PROBLEM TO SOLVE – Repeat only the lines below from the one that contains "Snapshot of natyrelle" through the final line, exactly. Omit pictures.

DATASET CONTENT –
-------

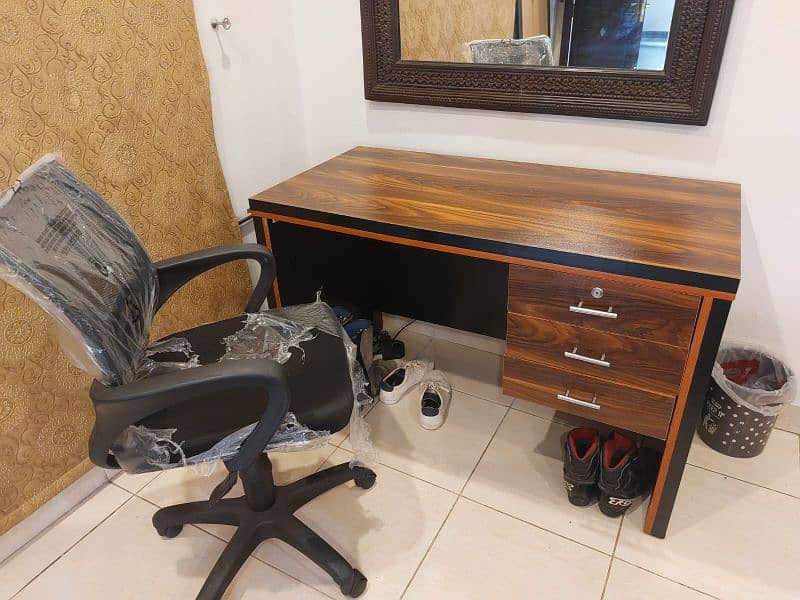Office chair and table 0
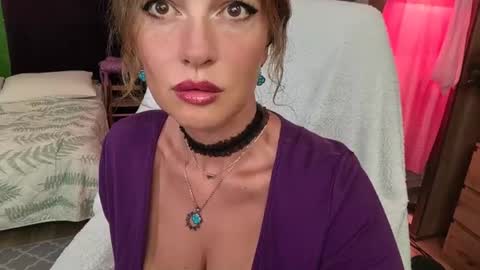 Snapshot of natyrelle chatting on 07-11-26, 10:51 Naty online show from 07-11-26, 10:51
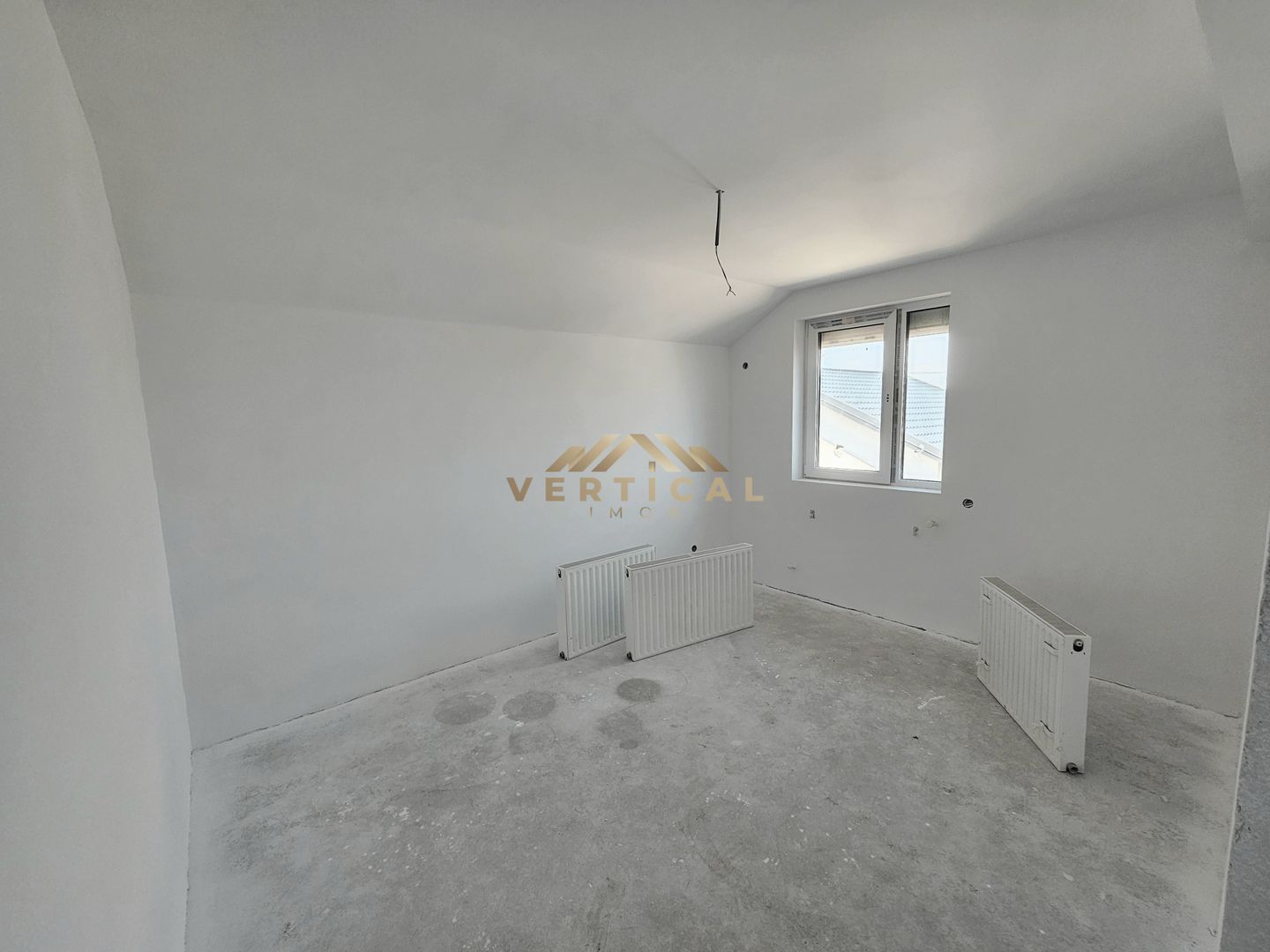Vila 4 camere | 2 bai | teren 200 mp | Centru comuna - Poză 10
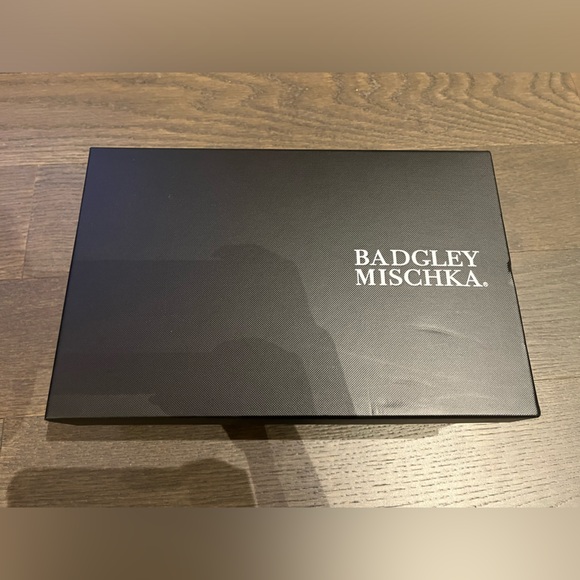 Brand new Badgley Mischka heels - Picture 4 of 5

-------

YOUR RESPONSE –
 Snapshot of natyrelle chatting on 07-11-26, 10:51 Naty online show from 07-11-26, 10:51
Vila 4 camere | 2 bai | teren 200 mp | Centru comuna - Poză 10
 Brand new Badgley Mischka heels - Picture 4 of 5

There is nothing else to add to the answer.